## STORED DATA

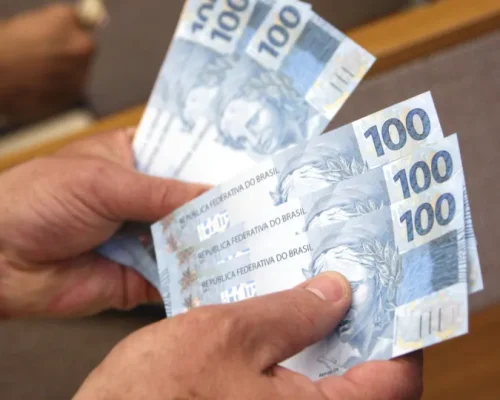 Salário Médio do Trabalhador Brasileiro Atinge R$ 3.722, Ampliando Recorde Pelo Segundo Trimestre Consecutivo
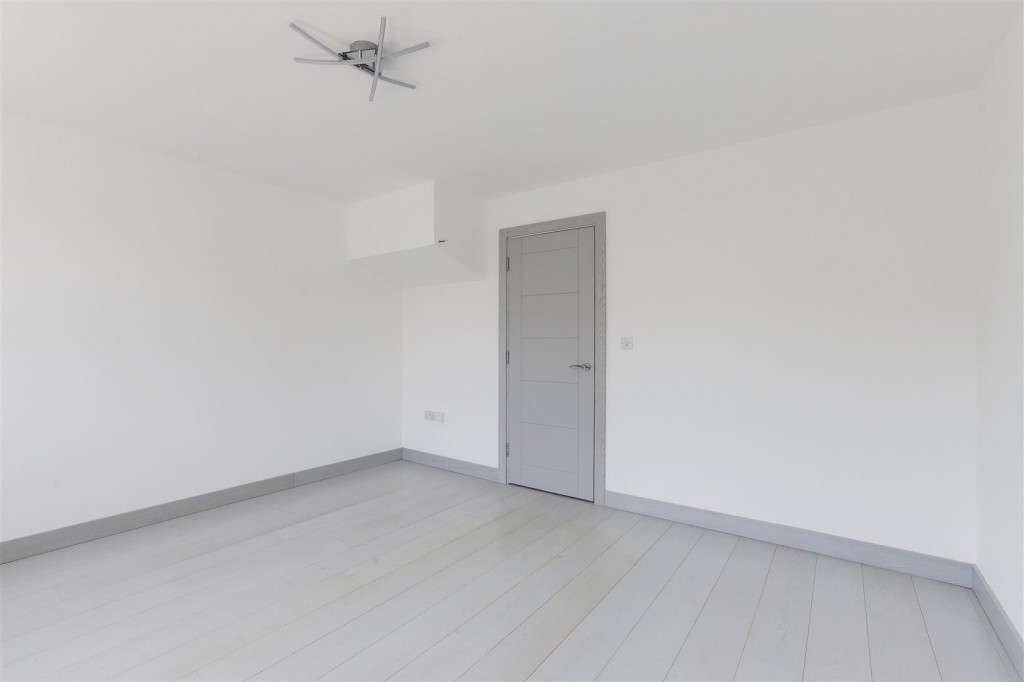 Pavior Road, bestwood, Nottinghamshire, NG5 5UE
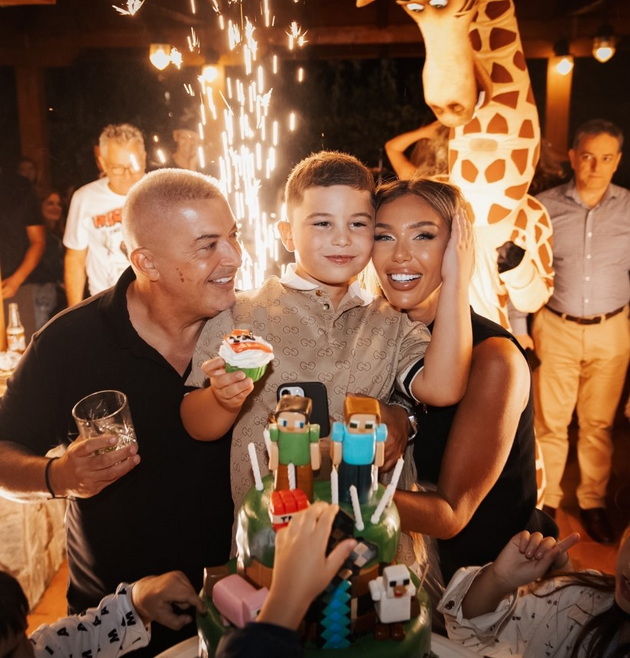 adelina-tahiri-35-so-izvajani-stomachni-muskuli-vo-raskoshen-resort-vo-egipet-po-semejnite-migovi-so-soprugot-i-sinot-16.jpg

## ABOUT THIS TASK
Every line of the listing is to be repeated exactly, and the pictures are to be dropped.

## SOLUTION TO THE EXERCISE
 Salário Médio do Trabalhador Brasileiro Atinge R$ 3.722, Ampliando Recorde Pelo Segundo Trimestre Consecutivo
 Pavior Road, bestwood, Nottinghamshire, NG5 5UE
 adelina-tahiri-35-so-izvajani-stomachni-muskuli-vo-raskoshen-resort-vo-egipet-po-semejnite-migovi-so-soprugot-i-sinot-16.jpg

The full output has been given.